(Captioned web images)
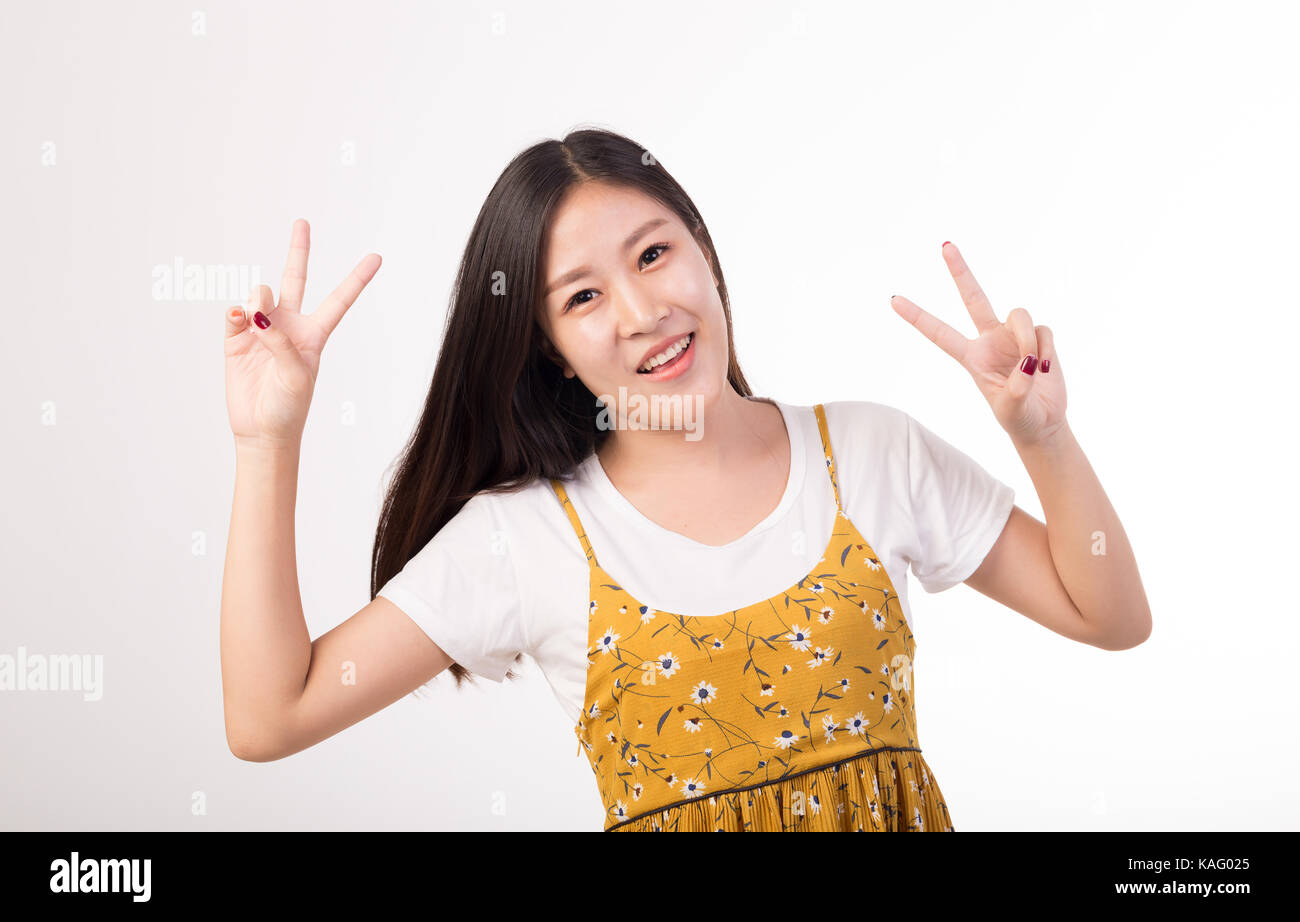 jeune fille asiatique Banque D'Images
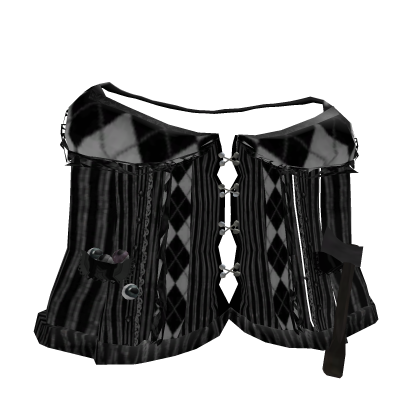 victorian gothic circus doll top w axe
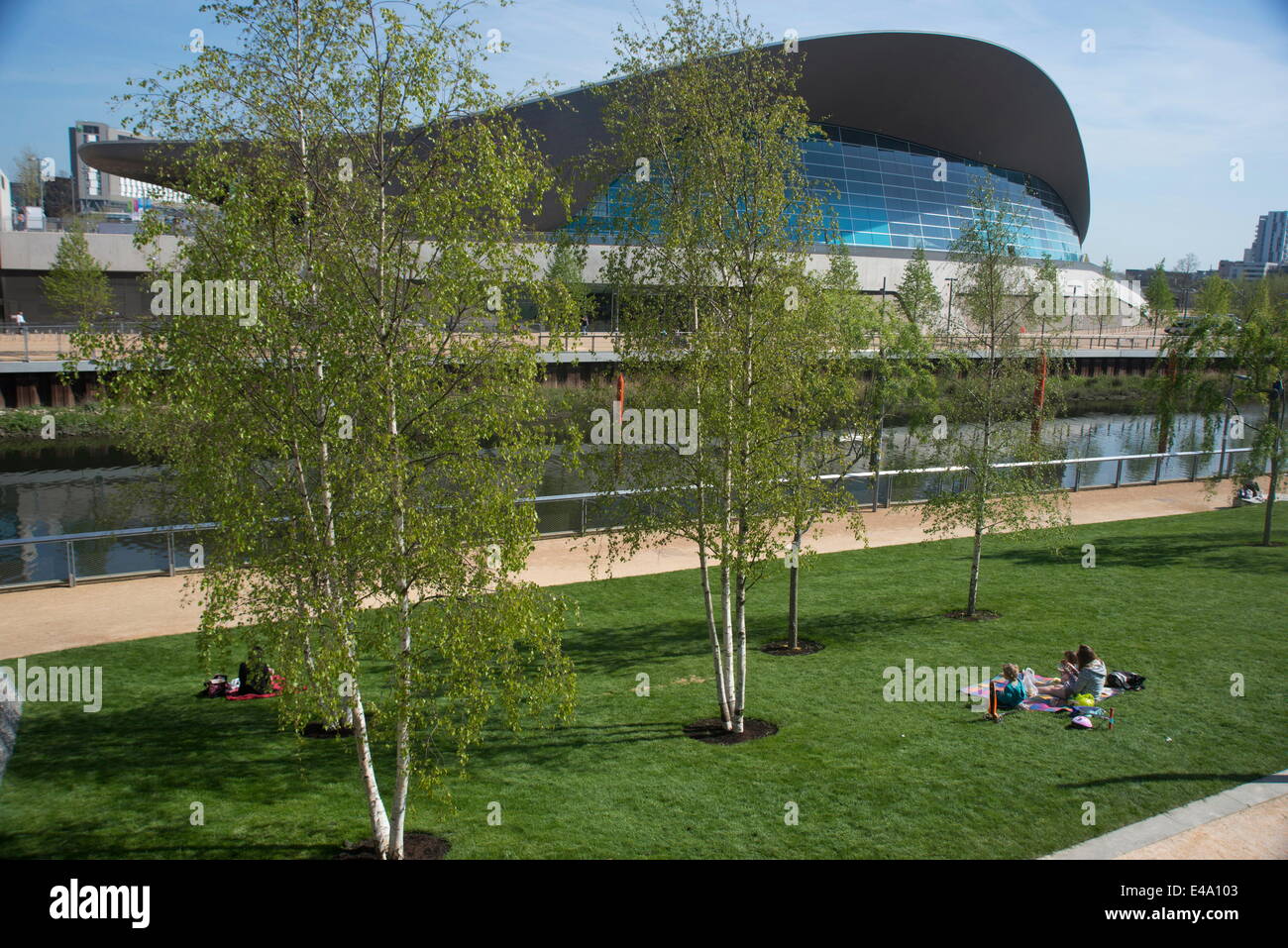 The Aquatic Centre, Queen Elizabeth Olympic Park, Stratford, London, E20, England, United Kingdom, Europe Stock Photo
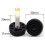 RAINB Adjustable Height Foot, Plastic Base, 10 Pack Screw In 6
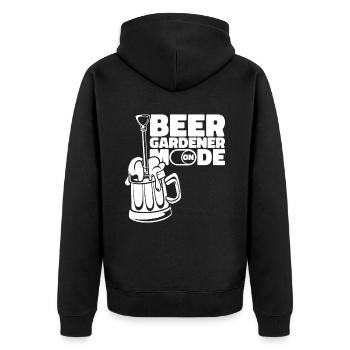Hobby Gardener Garden Mode sur Garden Beer - Veste à capuche bio Premium Unisexe - noir - Dos - Nico (187cm)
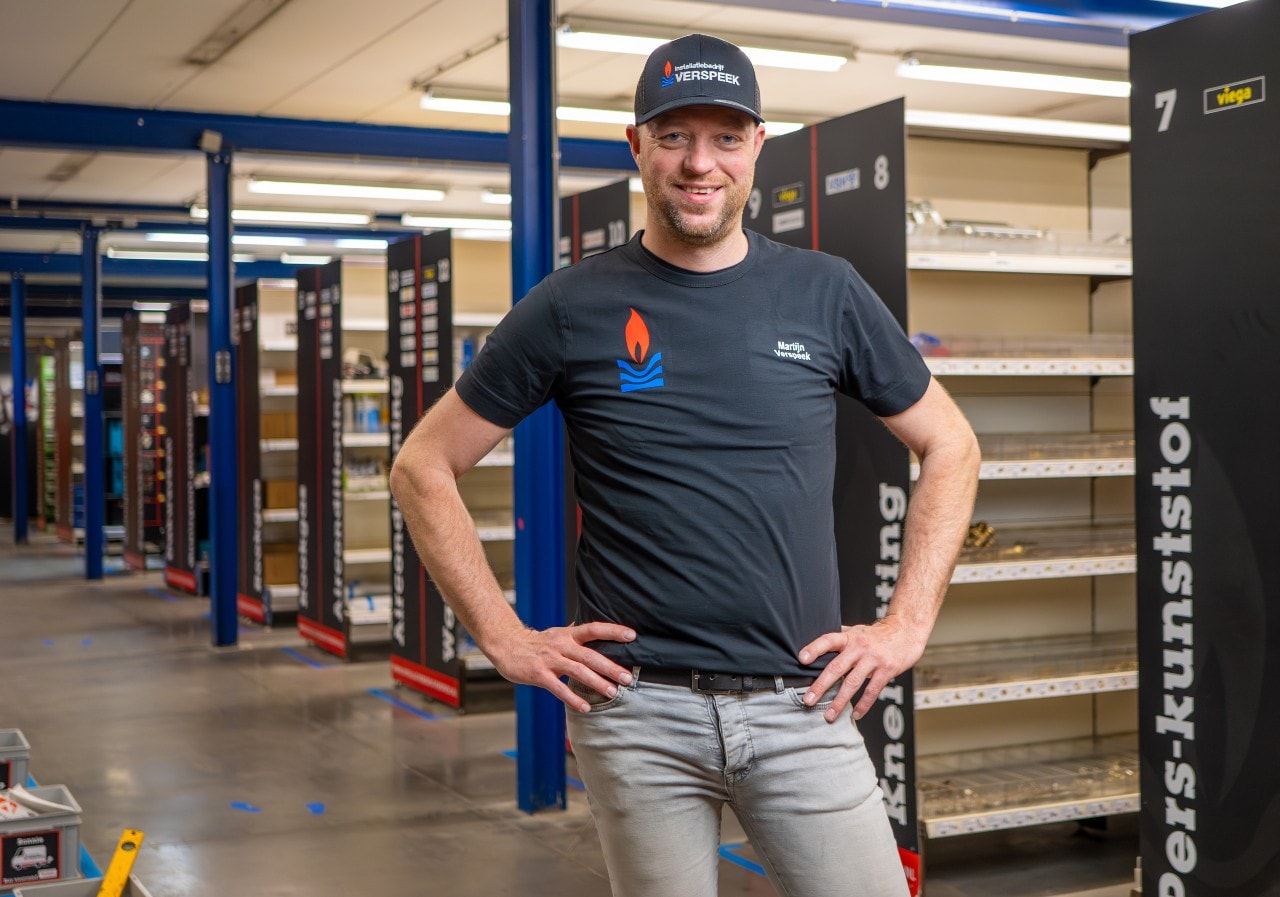 Martijn Verspeek van Installatiebedrijf Verspeek. Martijn Verspeek van Installatiebedrijf Verspeek.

▸ **Exercise aim**:
Your reply should give again exactly the lines from the one with "victorian gothic circus doll top w axe" through the last line of the data, with both ends included and pictures left out.

▸ **Solution for this problem**:
 victorian gothic circus doll top w axe
 The Aquatic Centre, Queen Elizabeth Olympic Park, Stratford, London, E20, England, United Kingdom, Europe Stock Photo
 RAINB Adjustable Height Foot, Plastic Base, 10 Pack Screw In 6
Hobby Gardener Garden Mode sur Garden Beer - Veste à capuche bio Premium Unisexe - noir - Dos - Nico (187cm)
 Martijn Verspeek van Installatiebedrijf Verspeek. Martijn Verspeek van Installatiebedrijf Verspeek.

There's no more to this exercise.